Later in life my Higher and CSYS English teacher, Miss Leghorn, was also a big influence. Not only did she introduce me to a range of poets from Shakespeare and Donne right up to MacCaig, Heaney and even John Hegley, my CSYS class was the first place I shared a poem.
OK, there were only three of us plus Miss Leghorn, but the positive reaction it got and the feeling this gave me are the same things I go after when I submit poems for publication and when I read my poems live.
What was your first poem about?
First poem? Yikes! The first poem I remember was called “Far Away is the Land of Caraway” - it was recorded on a birthday tape we recorded for my Great Grampa Waters when I was in Primary School (not a video, you understand, a cassette, yes I’m showing my age).
God knows what it was about. It involved someone sitting on a park bench, then getting hit in the eye with a stone, a river… other stuff. I remember having a very clear idea in my head what I wanted to achieve, but something was lost in the writing.

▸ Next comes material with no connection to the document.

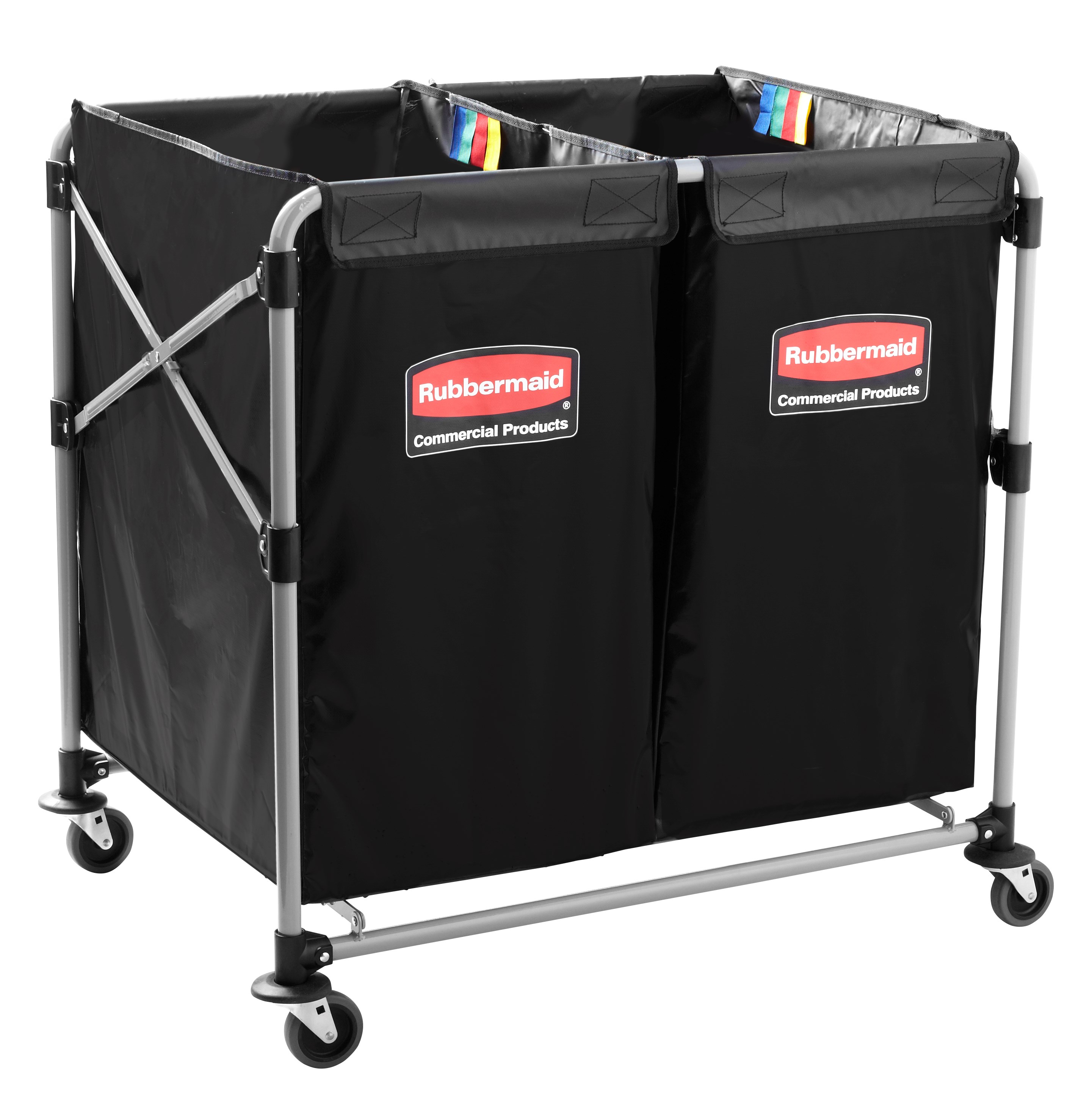 The Rubbermaid Commercial 1881781 Executive Series Multi-Stream, Collapsible X-Cart Basket, Two 4-Bushel bags, 220 lbs load capacity, Black.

My first “official” poem was a love poem, which won the Scotsman School Magazine Prize for Poetry. I was awarded £50, a dozen red roses and a lovely plaque which one of our dogs later defaced. I still have some of the roses.
Did you face much rejection initially?
I sent out my first submission when I was about 23. I spent six long weeks biting my fingernails only to have all seven brown envelopes come back to me with “insufficient postage” stamped on them - ergh, the idiocy.

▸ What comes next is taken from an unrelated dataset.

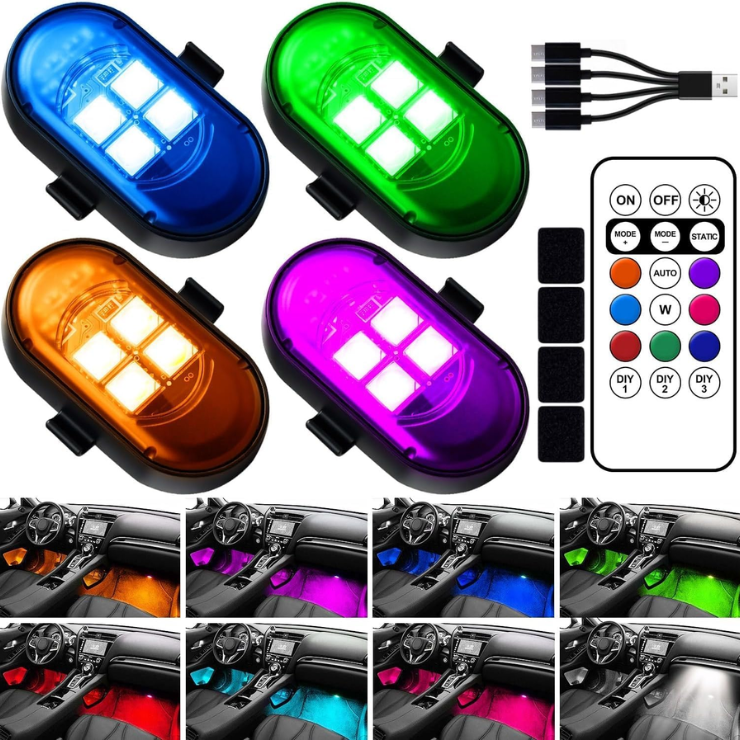 Wireless LED Lights For Car, Rechargeable Interior Car Lights photo 1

After that I felt so stupid about the whole thing that the rejections didn’t bother me too much. Actually, I was lucky enough to have a poem accepted out of that first lot when I re-sent them, so I had an encouraging start.

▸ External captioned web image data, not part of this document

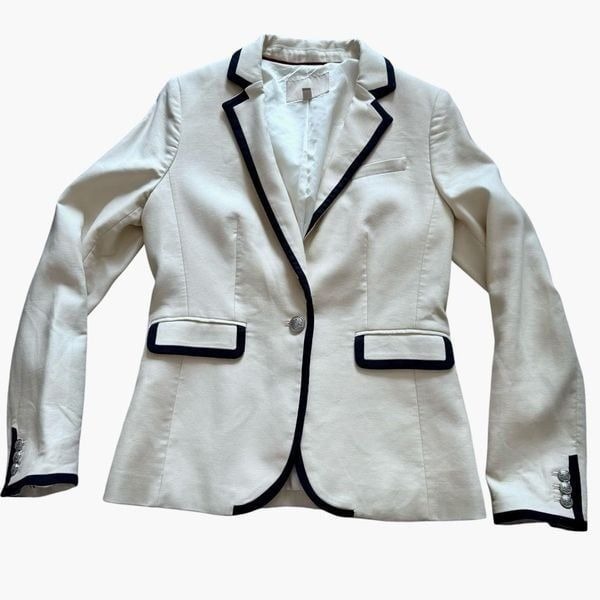 BANANA REPUBLIC Tipped One Button Blazer - SIZE 10 - CREAM BLACK Classic
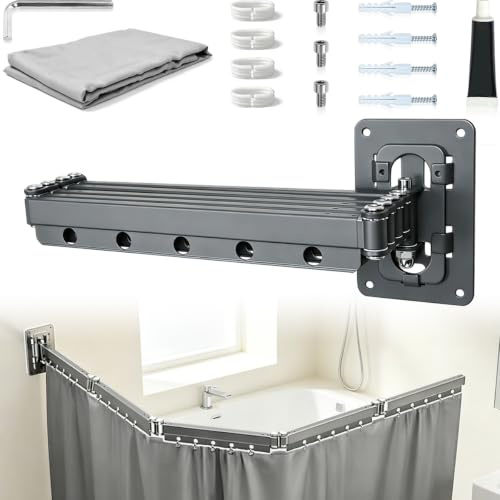 Wandmontierte Klappbare Duschvorhangstange mit Vorhang, 180 x 150 cm, Wasserdicht, 5-Fach, Ohne Bohren, Platzsparend, für Badezimmer, Badewanne und Umkleideraum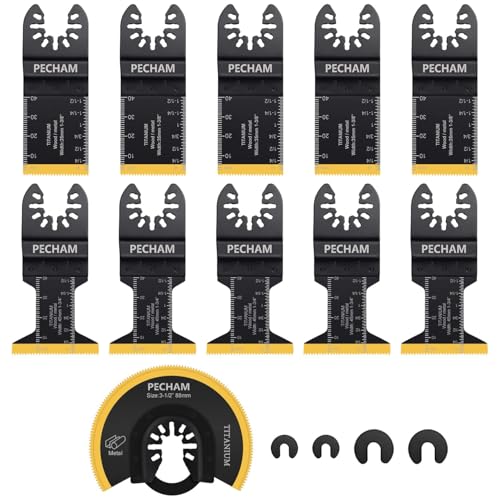 PECHAM 11PCS Titanium Sägeblätter, Universal Oszillierende Multitool Klingen Metall Schneiden Schnellspanner für hartes Material Metall Nägel Holz Kunststoff passen Dewalt Rockwell Milwaukee Makita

I’ve always found that the waiting is the worst bit. When something comes back through your letterbox, even if it’s a rejection, you can do something with it - send the poems out elsewhere, look at them again if they need it - but when you are waiting for replies, it’s all out of your hands. Twitch, twitch.
How did you come to put out your poetry pamphlet, Waiting to Burn?
I found a leaflet for the Templar Poetry Pamphlet and Collection Competition in one of the magazines I subscribe to and thought it looked like a good idea. I had entered the Poetry Business Book and Pamphlet Competition without any luck and thought Templar looked like a good bet because it was new on the scene - it’s incredible how much it’s grown since then.
I was delighted when I heard I was one of the first three winners - it was a fantastic leap forward for me.
How did this result in And in Here, the Menagerie being published by Templar Poetry?
Part of the prize for the Templar competition was to submit a full-length collection for consideration by Templar. I leapt at this opportunity and worked pretty hard to get together a full collection in time to submit the following year.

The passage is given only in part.